AdBlock Plus - highly recommend it. I don't see ANY ads on DC, or most other sites for that matter.


----------



## Barbara L (Jan 17, 2013)

I'm glad I never got it. It sounds irritating!


----------



## MrsLMB (Jan 17, 2013)

2 words .. Ad Muncher.  I've been using it for years and it works incredibly well.


----------



## Zhizara (Jan 17, 2013)

Steve Kroll said:


> AdBlock Plus - highly recommend it. I don't see ANY ads on DC, or most other sites for that matter.



Me either.


----------



## bakechef (Jan 17, 2013)

Adblock plus gets rid of those ads at the beginning of Youtube videos too!


----------



## Kylie1969 (Jan 18, 2013)

Zereh said:


> I'm using Chrome with AdBlock, I do not see a banner (thank goodness!).



Same here


----------



## Alix (Jan 18, 2013)

Folks, thank you for all your lovely ideas, I should have spelled out Adblock Plus instead of using the ABP in my first post so you wouldn't all have thought I was doing without. I was irritated because I couldn't get the ad blocked with my AdBlock. No matter what I did it kept coming back. Man that was irritating. 

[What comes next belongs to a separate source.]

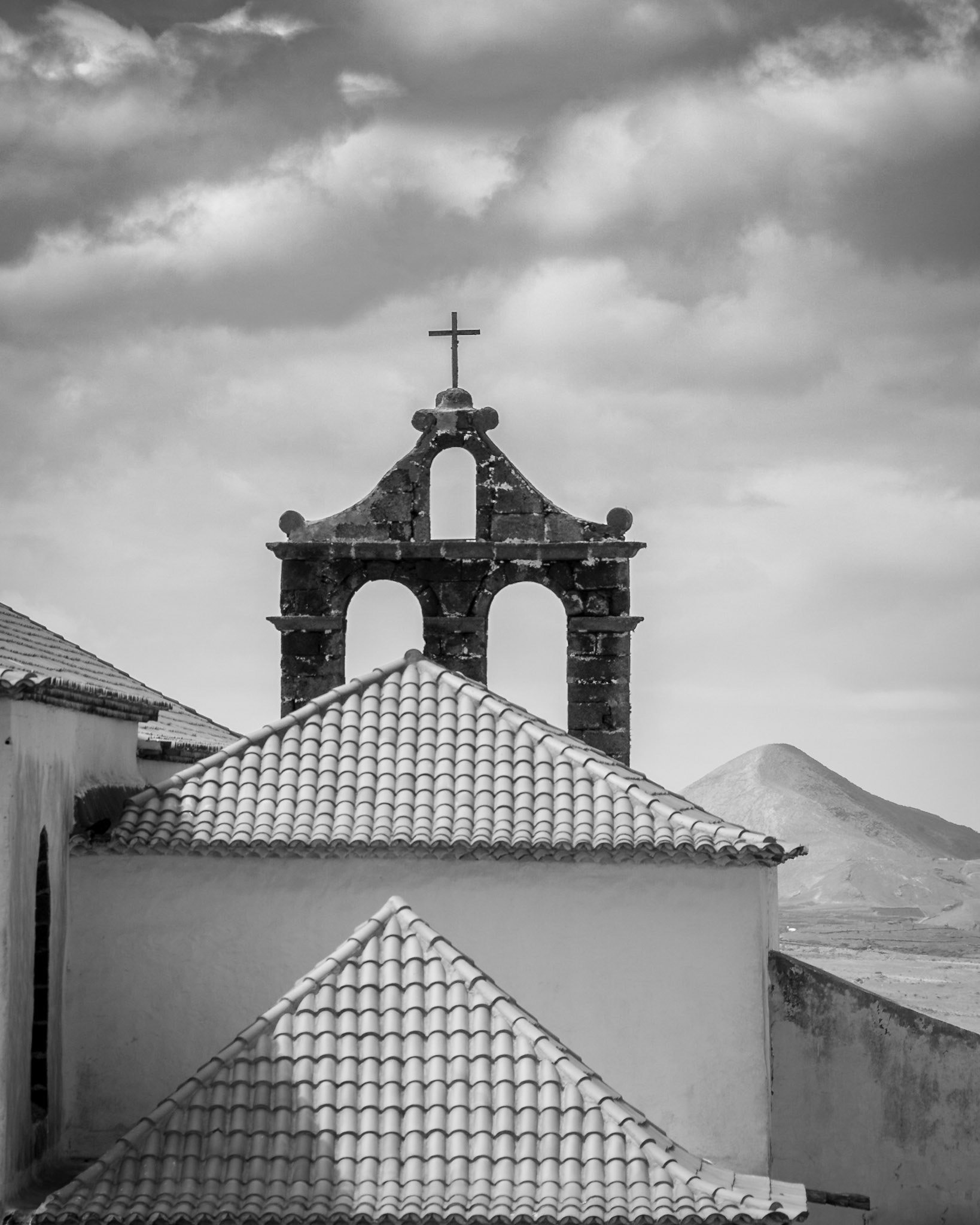 Kirchturm mit Vulkan in Teguise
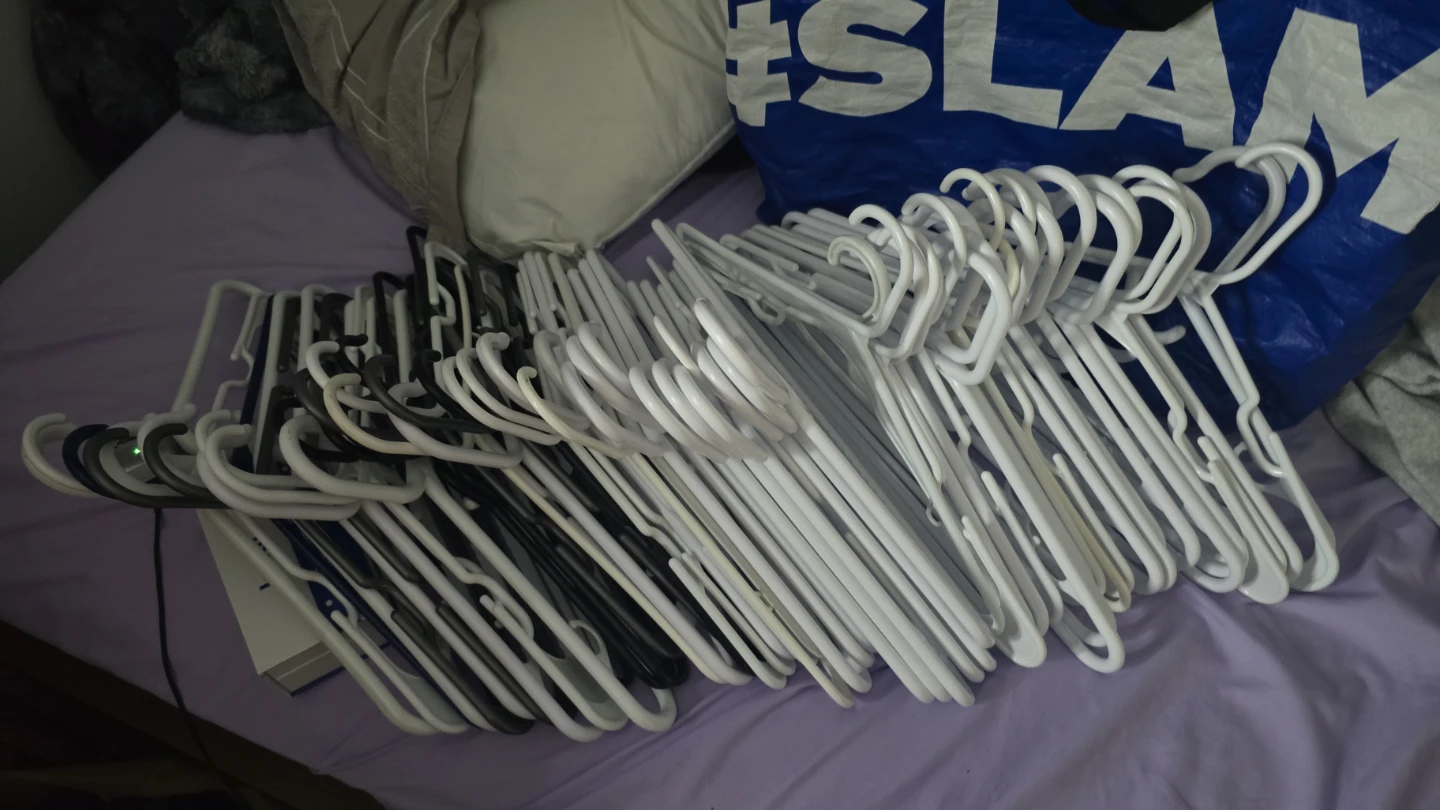 70 piezas Bundle of White and Black Plastic Clothes Hangers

I think the issue is solved now.


----------



## Katie H (Jan 18, 2013)

I'm using AdBlock Plus and the banner still pops up.  When I disable Java, I can't use smilies here and I can't execute some of the functions on Facebook.  Ugh!


----------



## Andy M. (Jan 18, 2013)

Interesting.  I also use Firefox (18.0) with ABP and NEVER see an ad/banner.

Maybe because I have a Mac or maybe because our settings for blocking are different.


----------



## FrankZ (Jan 18, 2013)

Katie,

Try logging out then dumping your browser cache.  Close the browser once you do (all sessions) and then restart it and log back in.

You WILL get that banner if you are not logged in.


----------



## Zhizara (Jan 18, 2013)

I've got Windows 7 with the current Firefox and AdBlock Plus.  I just tried logging off and back on.  The banner appeared on my sign on screen, but disappeared as soon as I went to the new posts.  

I realize I've seen it before, in the same place.  The last time I saw it, I closed it with the X, but never have had it stay.  Could it be Java?  I keep it up to date.

Could it could be that another add on or plug in is interfering with ABP's efficiency?


----------



## Alix (Jan 18, 2013)

Andy M. said:


> Interesting.  I also use Firefox (18.0) with ABP and NEVER see an ad/banner.
> 
> Maybe because I have a Mac or maybe because our settings for blocking are different.



 I'm on a Mac too! Sounds like we have the same danged system. Maybe I missed an upgrade? I'll go check.   The freaking thing is gone now though. Thank goodness.


----------



## no mayonnaise (Jan 18, 2013)

Use AdBlock Lite, not AdBlock Plus.  Huge difference.  ABP recently started allowing certain ads due to website owners complaining about lost revenue.  ABL does no such thing and blocks ALL ads.  Just sayin'.  Sorry Chrome folks, they don't make it for you guys.
While we're at it, I recommend Ghostery, BetterPrivacy, and NoScript in addition to AdBlock Lite.  Though fair warning, NoScript does have a learning curve to use properly and if you aren't using it correctly, a good portion of most websites will be totally non-functional. And if you're running Ghostery and AdBlock you'll have to configure them so they don't step on each others' toes trying to block the same content. But on the flip side, I'm enjoying a 100% ad-free, spam-free, tracker-free and SAFE internet and it goes oh-so-much faster.


----------



## FrankZ (Jan 18, 2013)

I appreciate ABP allowing some ads through.  They are supposed to meet certain requirement and the Internet is not free.  Sites like this are expensive to maintain and ads help generate the revenue to keep us up and running.


----------



## no mayonnaise (Jan 18, 2013)

I'd rather my pages load faster without ads and trackers.  Ads track your internet use.  I'm extremely paranoid about my internet use being tracked and I do a lot to make it difficult for my internet use to be tracked by anyone but my ISP.  And even then I use Tor a bunch to obfuscate that aspect as well.


----------